I am working on a Verilog design where I am using SRAM inside a FSM. I need to synthesize it later on since I want to fabricate the IC. My question is that I have a fully working code using reg registers where I use blocking assignment for concurrent operation. Since there is no clock in this system, it works fine. Now, I want to replace these registers with SRAM based memory, which brings in clock into the system. My first thought is to use non-blocking assignment and changing the dependency list from always #(*) to always # (negedge clk).

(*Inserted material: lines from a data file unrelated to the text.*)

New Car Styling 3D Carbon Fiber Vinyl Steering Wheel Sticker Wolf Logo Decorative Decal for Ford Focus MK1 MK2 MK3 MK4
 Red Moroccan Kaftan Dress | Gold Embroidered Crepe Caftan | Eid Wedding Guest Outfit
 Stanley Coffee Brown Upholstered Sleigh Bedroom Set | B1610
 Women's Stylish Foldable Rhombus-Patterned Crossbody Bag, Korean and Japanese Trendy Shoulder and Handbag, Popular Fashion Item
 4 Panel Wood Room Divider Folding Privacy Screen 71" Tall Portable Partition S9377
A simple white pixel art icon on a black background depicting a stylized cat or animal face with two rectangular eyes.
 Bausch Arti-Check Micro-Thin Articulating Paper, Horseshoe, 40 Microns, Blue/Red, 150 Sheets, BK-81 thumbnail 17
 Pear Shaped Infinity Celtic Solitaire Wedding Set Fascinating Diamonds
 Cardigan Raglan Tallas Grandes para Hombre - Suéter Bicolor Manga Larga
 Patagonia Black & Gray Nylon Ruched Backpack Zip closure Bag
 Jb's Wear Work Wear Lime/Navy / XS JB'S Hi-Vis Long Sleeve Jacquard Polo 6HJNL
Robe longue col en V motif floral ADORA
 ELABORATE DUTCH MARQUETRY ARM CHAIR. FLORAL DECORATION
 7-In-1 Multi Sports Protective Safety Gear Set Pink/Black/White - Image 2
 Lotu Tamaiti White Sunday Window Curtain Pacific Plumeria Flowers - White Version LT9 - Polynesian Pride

In the code snippet below, I want to read 5 sets of data from the SRAM (SR4). So what I do is I place a counter that counts till 5 (wait_var) for this to happen. By introducing additional counter, this code ensures that at 1st clock edge it enters the counter and at subsequent clock edges, the five sets of data is read from SRAM. This technique works for simple logic such as this.
S_INIT_MEM: begin
// ******Off-Chip (External) Controller will write the data into SR4. Once data is written, init_data will be raised to 1.******
if (init_data == 1'b0) begin
CEN4 <= CEN;
WEN4 <= WEN;
RETN4 <= RETN;
EMA4 <= EMA;
A4 <= A_in;
D4 <= D_in;
end
else begin
CEN4 <= 1'b0; //SR4 is enabled
EMA4 <= 3'b0; //EMA set to 0
WEN4 <= 1'b1; //SR4 set to read mode
RETN4 <= 1'b1; //SR4 RETN is turned ON
A4 <= 8'b0000_0000;
if (wait_var < 6) begin
if (A4 == 8'b0000_0000 ) begin
NUM_DIMENSIONS <= Q4;
A4 <= 8'b0000_0001;
end
if (A4 == 8'b0000_0001 ) begin
NUM_PARTICLES <= Q4;
A4 <= 8'b0000_0010;
end
if (A4 == 8'b0000_0010 ) begin
n_gd_iterations <= Q4;
A4 <= 8'b0000_0011;
end
if (A4 == 8'b0000_0011 ) begin
iterations <= Q4;
A4 <= 8'b0000_0100;
end
if (A4 == 8'b0000_0100 ) begin
threshold_val <= Q4;
A4 <= 8'b0000_0101;
end
wait_var <= wait_var + 1;
end
//Variables have been read from SR4
if(wait_var == 6) begin
CEN4 <= 1'b1;
next_state <= S_INIT_PRNG;
wait_var <= 0;
end
else begin
next_state <= S_INIT_MEM;
end
end
end
However, when I need to write a complex logic in the similar fashion, the counter based delay method gets too complex. Eg. say I want to read data from one SRAM (SR1) and want to write it to another SRAM (SR3).
CEN1 = 1'b0;
A1 = ((particle_count-1)*NUM_DIMENSIONS) + (dimension_count-1);
if (CEN1 == 1'b0) begin
CEN3 = 1'b0;
WEN3 = 1'b0;
A3 = ((particle_count-1)*NUM_DIMENSIONS) + (dimension_count-1);
if(WEN3 == 1'b0) begin
D3 = Q1;
WEN3 = 1'b1;
CEN3 = 1'b1;
end
CEN1 = 1'b1;
end
I know this still uses blocking assignments and I need to convert them to non-blocking assignments, but if I do and I do not introduce 1 clock cycle delay manually using counter, it will not work as desired. Is there a way to get around this in a simpler manner?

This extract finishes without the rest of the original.